UN-Kinderrechtskonvention gefeiert
19.11.2009 | 19:01 Uhr 2009-11-19T19:01:00+0100Berlin. Entwicklungshilfeminister Dirk Niebel feiert den 20. Jahrestag der UN-Kinderrechtskonvention. Den Vorbehalt, den die Bundesregierung 1992 gegen die Ratifizierung der Kinderrechtskonvention hatte, will sie nun zurücknehmen.
Da steht er nun, umringt von Frauen und Kindern, und hat sein patentestes Lächeln aufgesetzt. Eine große, bunt bemalte Hand aus Pappe halten sie gemeinsam in die Kameras. Auslöser klackern, Blitzlichter gewittern, das Leben eines Entwicklungshilfeministers, es bringt eben so seine Herausforderungen mit sich.
Später wird Dirk Niebel beteuern, wie sehr er sich freue, „dass eine meiner ersten Amtshandlungen eine so schöne ist”. Es gibt etwas zu feiern, den 20. Jahrestag der UN-Kinderrechtskonvention, und neben dem Minister am Tisch sitzen die deutsche Unicef-Geschäftsführerin Regine Stachelhaus, Unicef-Vizechefin Hilde Johnson, Unicef-Botschafterin Sabine Christiansen, nicht zu vergessen die beiden Unicef-Juniorbotschafter, die 11-jährige Dominique und den 15-jährigen Ronny aus Karlsruhe.
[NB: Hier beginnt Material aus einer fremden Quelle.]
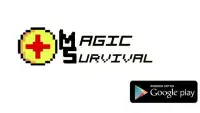 Magic Survival Screen Shot 0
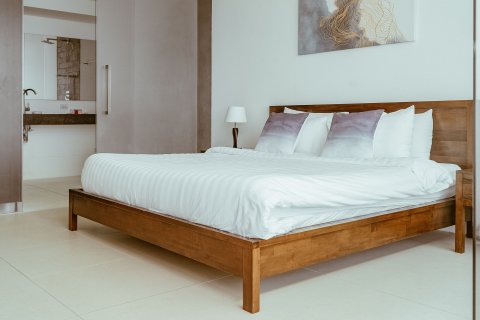 Villa in Ko Samui, Thailand 2 bedrooms № 149708 - photo 18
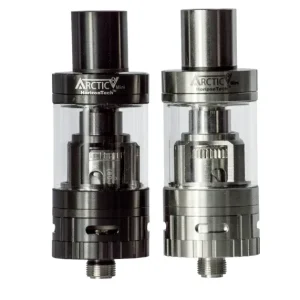 Horizon Arctic V8 Mini Tank
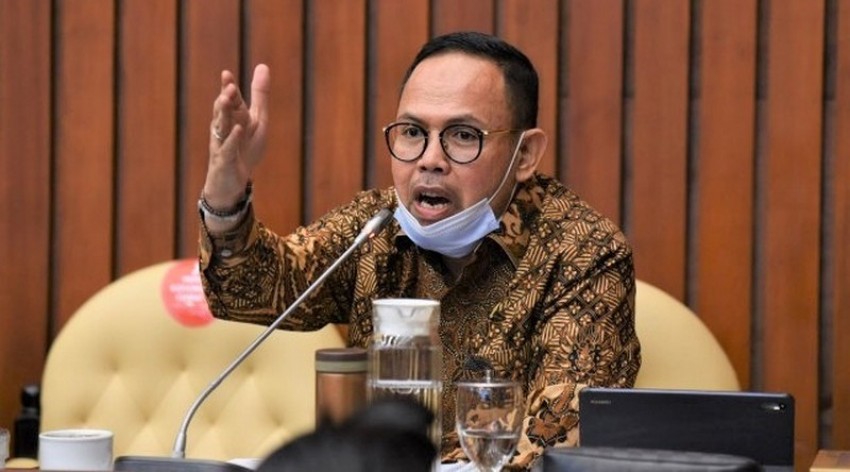 DPR: Alihkan Stok Minyak Goreng untuk Kebutuhan Dalam Negeri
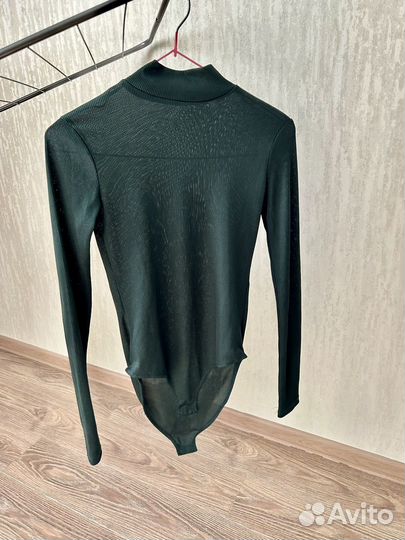 Боди женское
Recht auf Bildung zu wenig geschätzt
Vom ihm stammt übrigens ein vorbildlicher Beitrag zum Thema Kinderrechte. Er bedauert, dass das Recht auf Bildung in Deutschland zu wenig geschätzt werde - von den Nutznießern selbst: „Wie oft haben wir keine Lust auf Schule oder Hausaufgaben, und 100 Millionen Kinder können gar nicht zur Schule.” Das stimmt nachdenklich.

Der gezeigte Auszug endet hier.